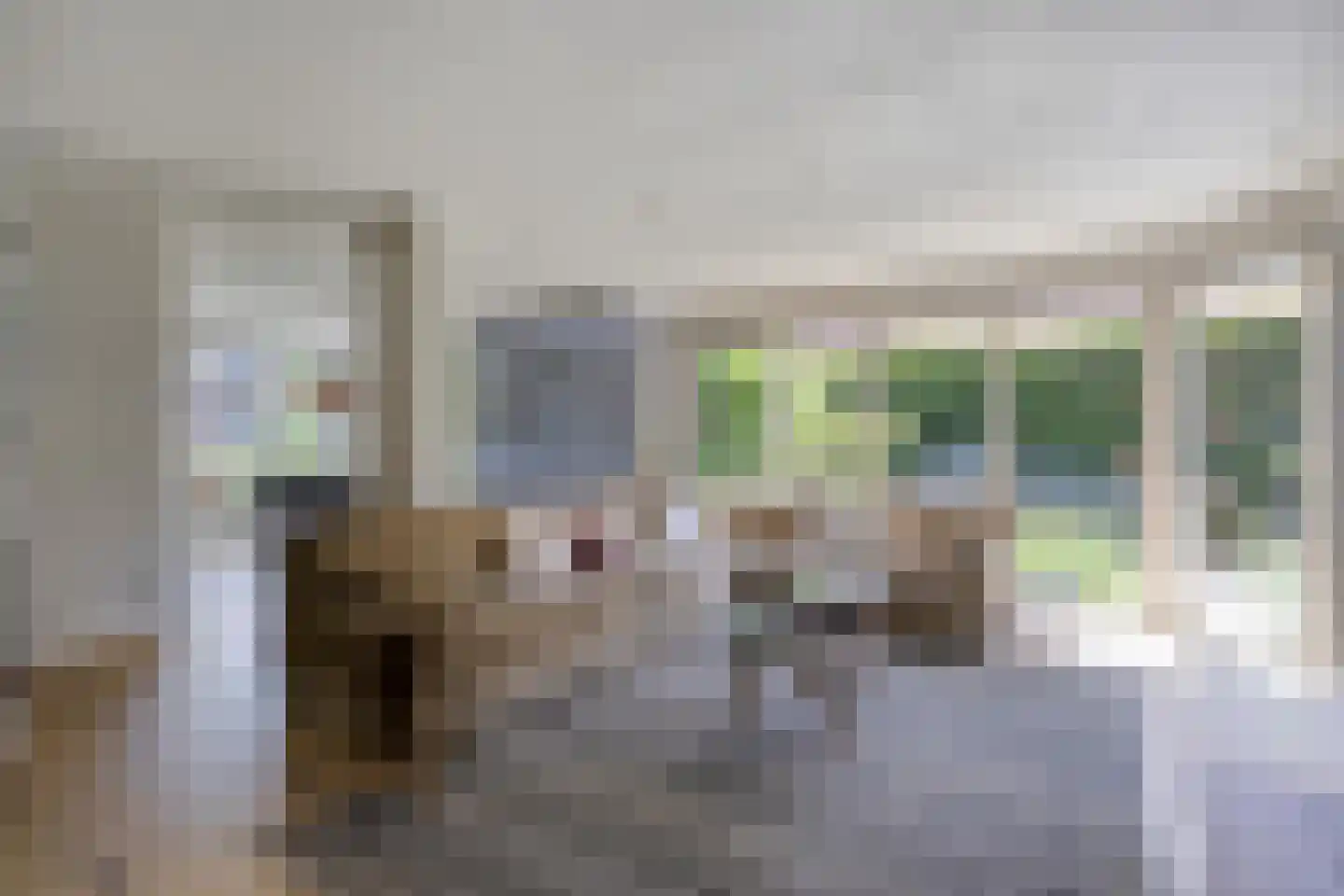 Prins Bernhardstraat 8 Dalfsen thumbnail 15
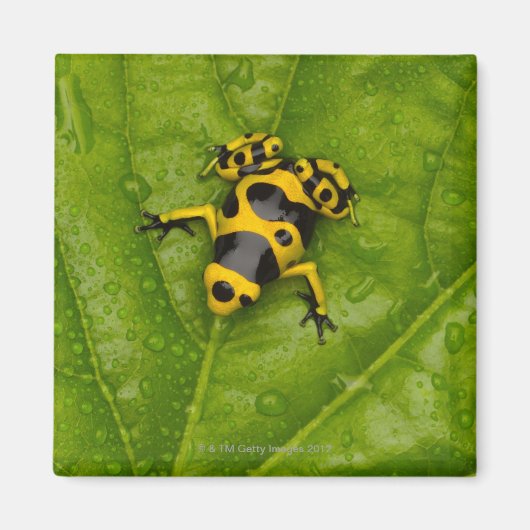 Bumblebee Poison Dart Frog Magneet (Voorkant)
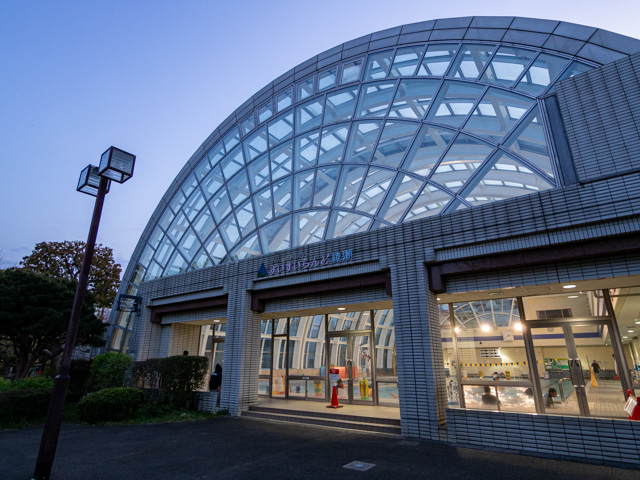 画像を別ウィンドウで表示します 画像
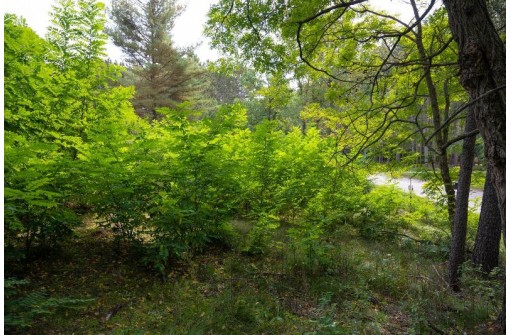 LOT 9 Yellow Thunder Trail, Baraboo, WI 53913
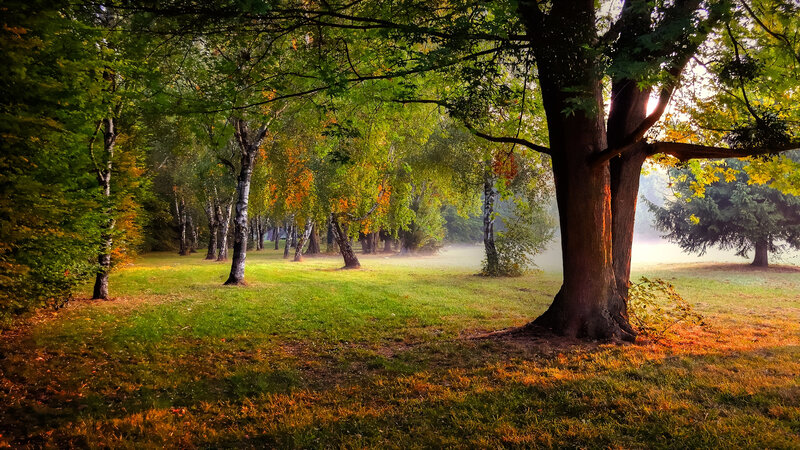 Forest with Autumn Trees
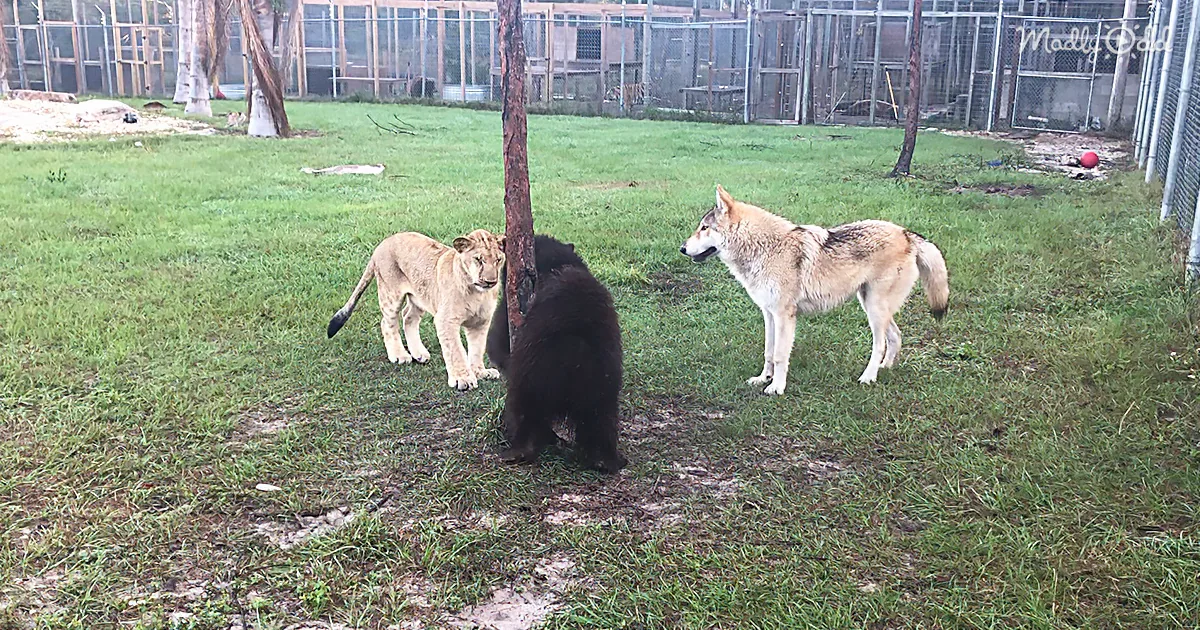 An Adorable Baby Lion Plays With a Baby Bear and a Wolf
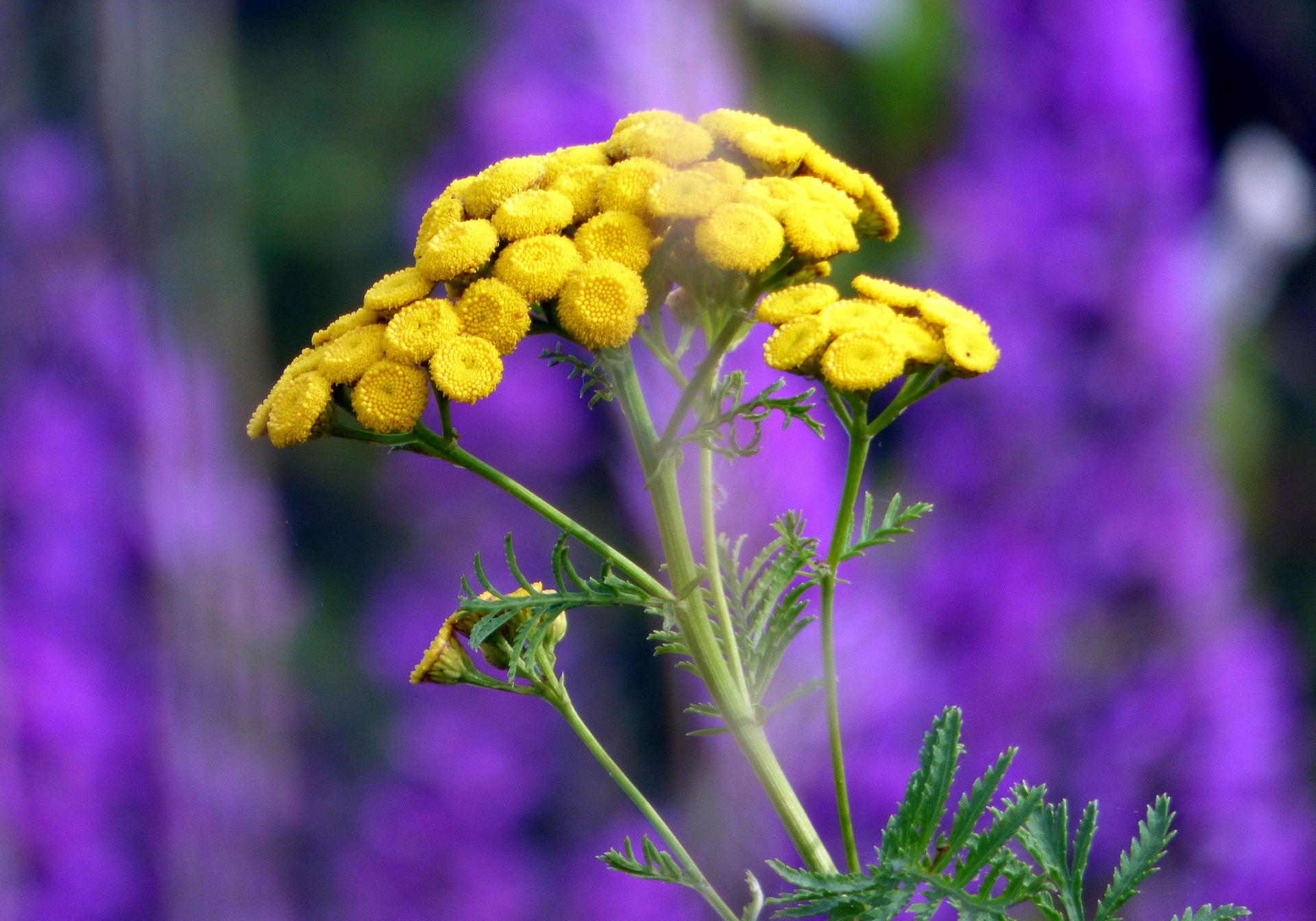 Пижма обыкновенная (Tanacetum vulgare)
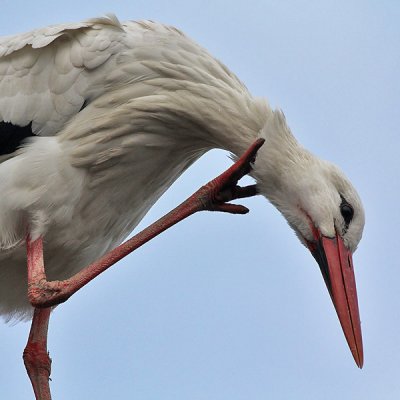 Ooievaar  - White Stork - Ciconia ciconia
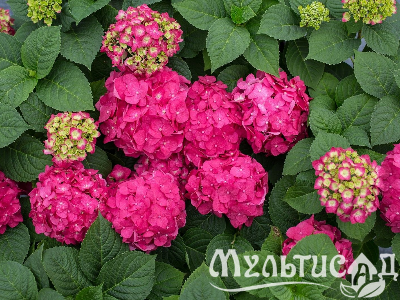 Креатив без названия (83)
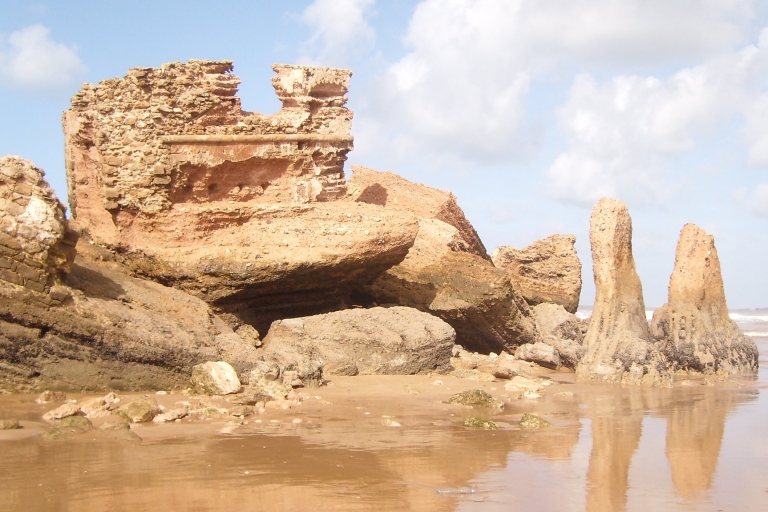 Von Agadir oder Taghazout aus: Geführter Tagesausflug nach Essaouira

○ ○ ○ ○

What needs to be done » The task requires that every line above be transcribed exactly, without the images.

Answer section »
 Prins Bernhardstraat 8 Dalfsen thumbnail 15
 Bumblebee Poison Dart Frog Magneet (Voorkant)
 画像を別ウィンドウで表示します 画像
 LOT 9 Yellow Thunder Trail, Baraboo, WI 53913
 Forest with Autumn Trees
 An Adorable Baby Lion Plays With a Baby Bear and a Wolf
 Пижма обыкновенная (Tanacetum vulgare)
 Ooievaar  - White Stork - Ciconia ciconia
 Креатив без названия (83)
 Von Agadir oder Taghazout aus: Geführter Tagesausflug nach Essaouira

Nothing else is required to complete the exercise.